Anggaran 20% yang seharusnya dialokasikan untuk pendidikan terindikasi dikorupsi oleh oknum-oknum pejabat negara termasuk digunakan untuk kebijakan skandal bailout Bank Century sebesar 6,7 Triliun yang hingga hari ini tidak jelas digunakan untuk apa dana sebesar itu,bahkan dana tersebut hilang entah kemana.Bayangkan kawan,apabila dana 6,7 Triliun tersebut digunakan untuk kesejahteraan rakyat Indonesia,berapa jumlah infrastruktur pendidikan yang dapat dibangun?.Karena banyak infrastruktur pendidikan termasuk bangunan sekolah di daerah-daerah yang tidak layak pakai untuk proses belajar mengajar dan terancam roboh yang sewaktu-waktu mengancam keselamatan jiwa para pendidik dan yang dididik.Lantas dimana tanggungjawab pemerintah dalam menjamin keselamatan rakyatnya?.Dan dimanakah "keadilan sosial bagi seluruh rakyat Indonesia" yang tertera dalam Sila-5 PANCASILA?.

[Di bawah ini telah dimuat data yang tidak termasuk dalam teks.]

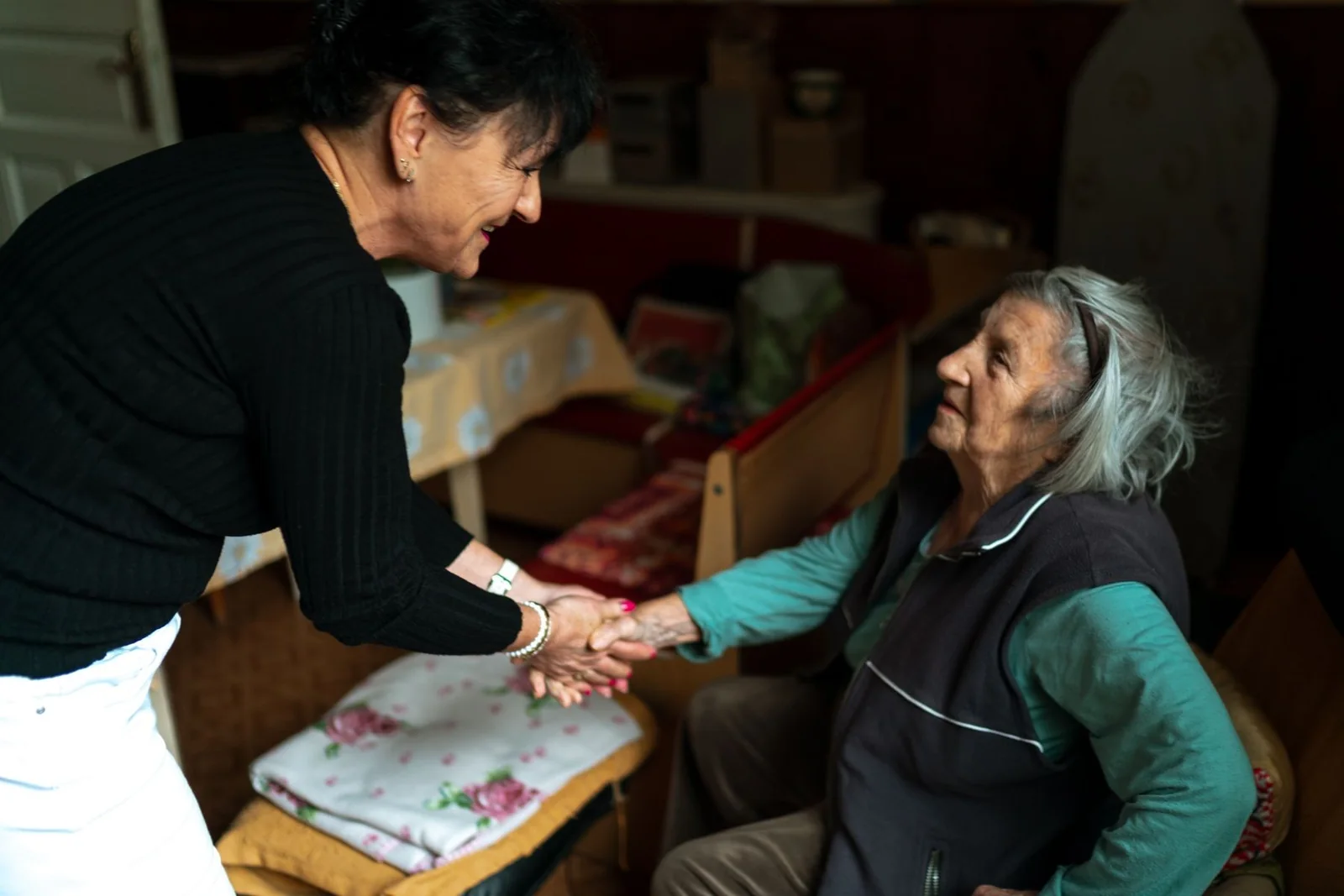 Two people sharing a warm, attentive conversation at home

Oleh karena itu kita sebagai rakyat Indonesia harus mendesak pemerintahan untuk merealisasikan janji-janjinya terutama menyangkut pendidikan dan mendesak DPR untuk menghasilkan UU pendidikan yang pro rakyat.Atau pemerintah saat ini harus mundur!.Dan sudah seharusnya kita sebagai rakyat harus melawan segala bentuk LIBERALISASI dan KOMERSIALISASI pendidika diberbagai jenjang pendidikan,dari SD sampai kejenjang UNIVERSITAS.Karena ketika kita tidak melakukan perlawanan maka kita MENHIANATI PANCASILA dan UUD'45.Bahkan kita MENGHIANATI PERJUANGAN dan PENGORBANAN JIWA RAGA PARA PEJUANG KEMERDEKAAN INDONESIA.

Seorang intelektual adalah seorang yang kenal akan kebenaran dan berani pula memperjuangkan kebenaran itu,meski bagaimanapun tekanan dan ancaman yang dihadapinya,terutama sekali kebenaran,kemajuan,dan kebebasan untuk rakyat.Seorang "intelektual" bukan hanya sekadar berfikir tentang kebenaran tetapi harus menyuarakannya,walau apapun rintangannya.

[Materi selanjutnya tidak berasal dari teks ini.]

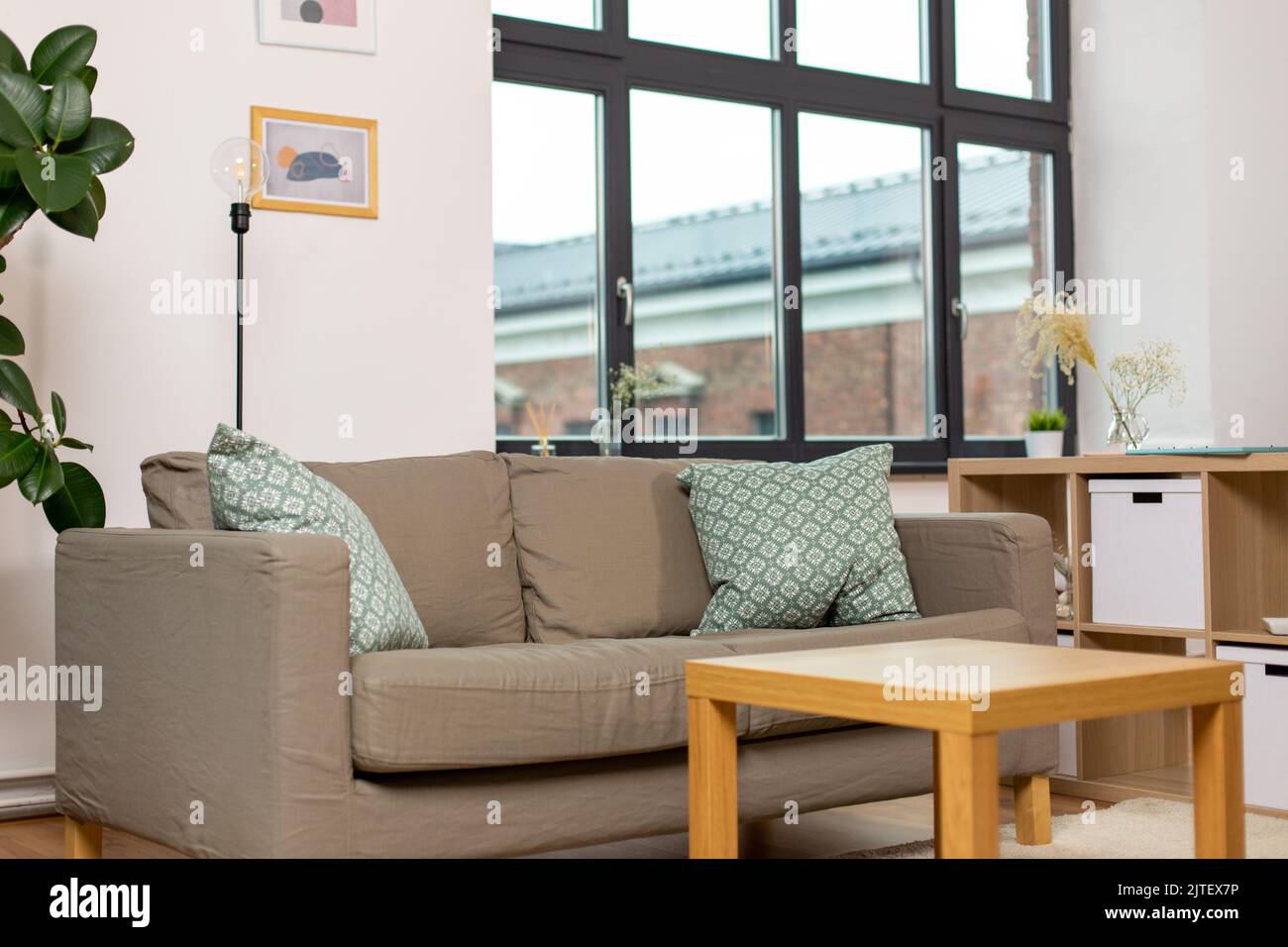 sofa with cushions at cozy home living room Stock Photo - Alamy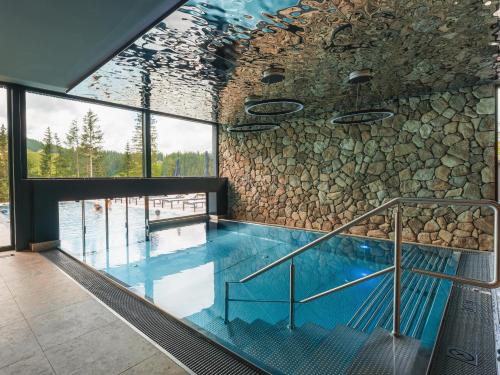 TRIFORET alpin resort by Falkensteiner in Hinterstoder, Österreich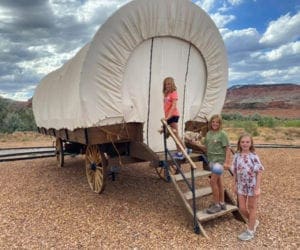 Three kids line up on the stairs about to enter a covered wagon that will serve as their glamping location.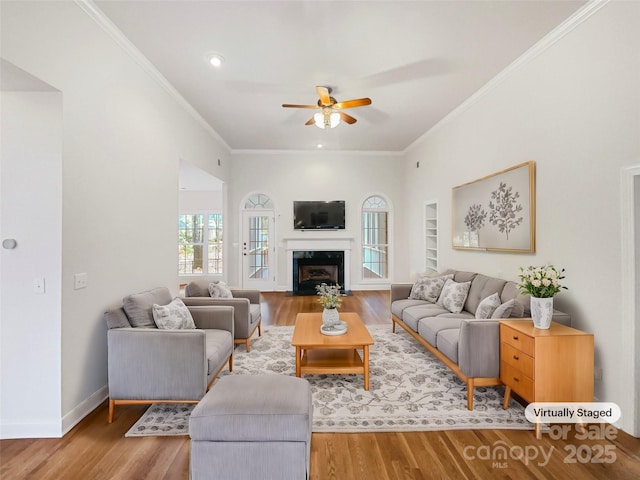 living room with built in features, crown molding, a fireplace with flush hearth, wood finished floors, and baseboards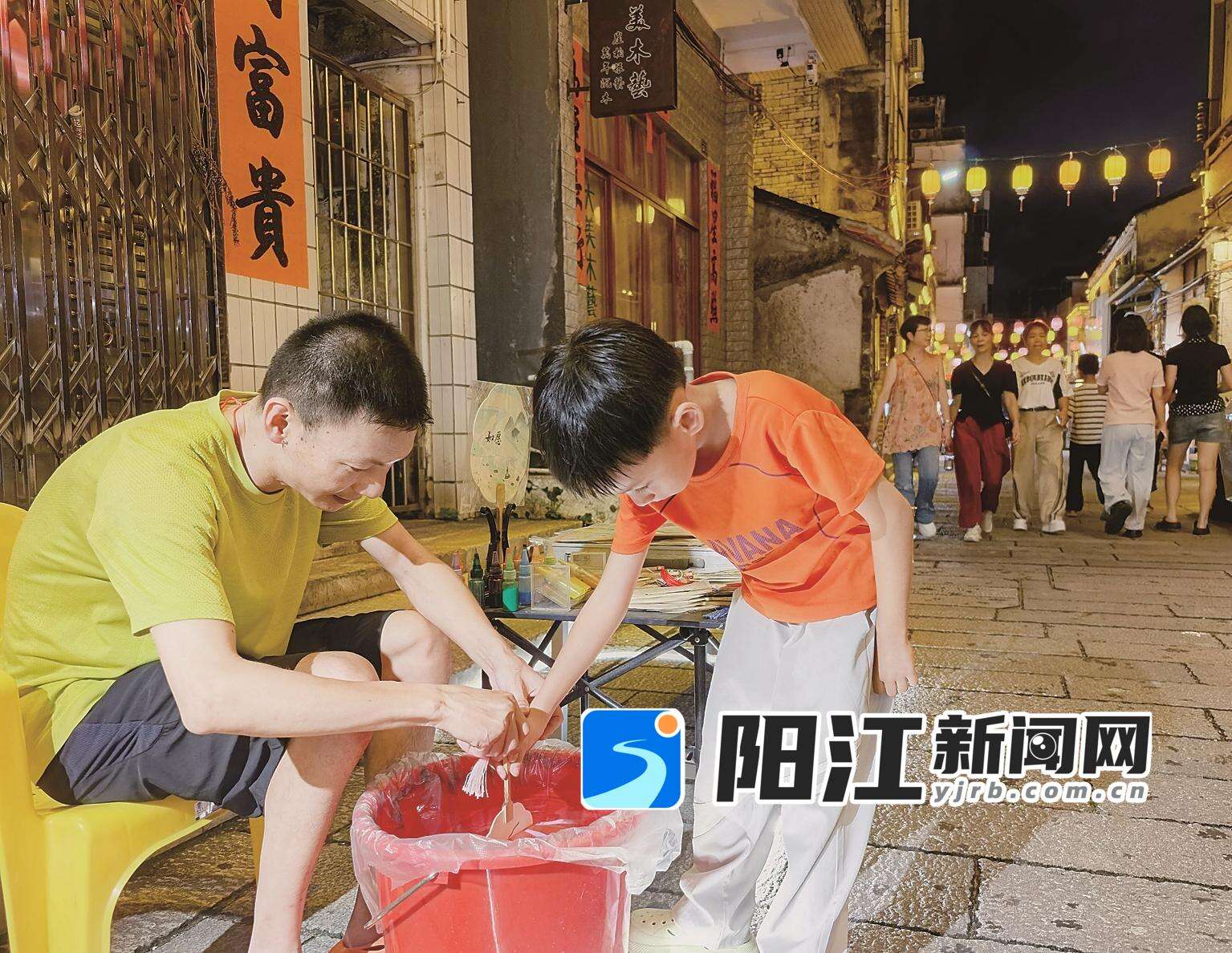 摊主手把手教小朋友体验制作漆扇。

Seorang intelektual yang benar tidak boleh berkecuali,dan harus memihak kepada kebenaran dan keadilan.Dia "tidak boleh menjadi intelektual bisu,kecuali dia betul-betul bisu atau dibisukan".Intelektual palsu akan mengelabui mata dan mata rakyat dengan kebenaran palsu melalui penyelewangkan fakta dan pernyataan-pernyataan yang mengelirukan.Intelektual palsu banyak menggunakan retorik-retorik kosong.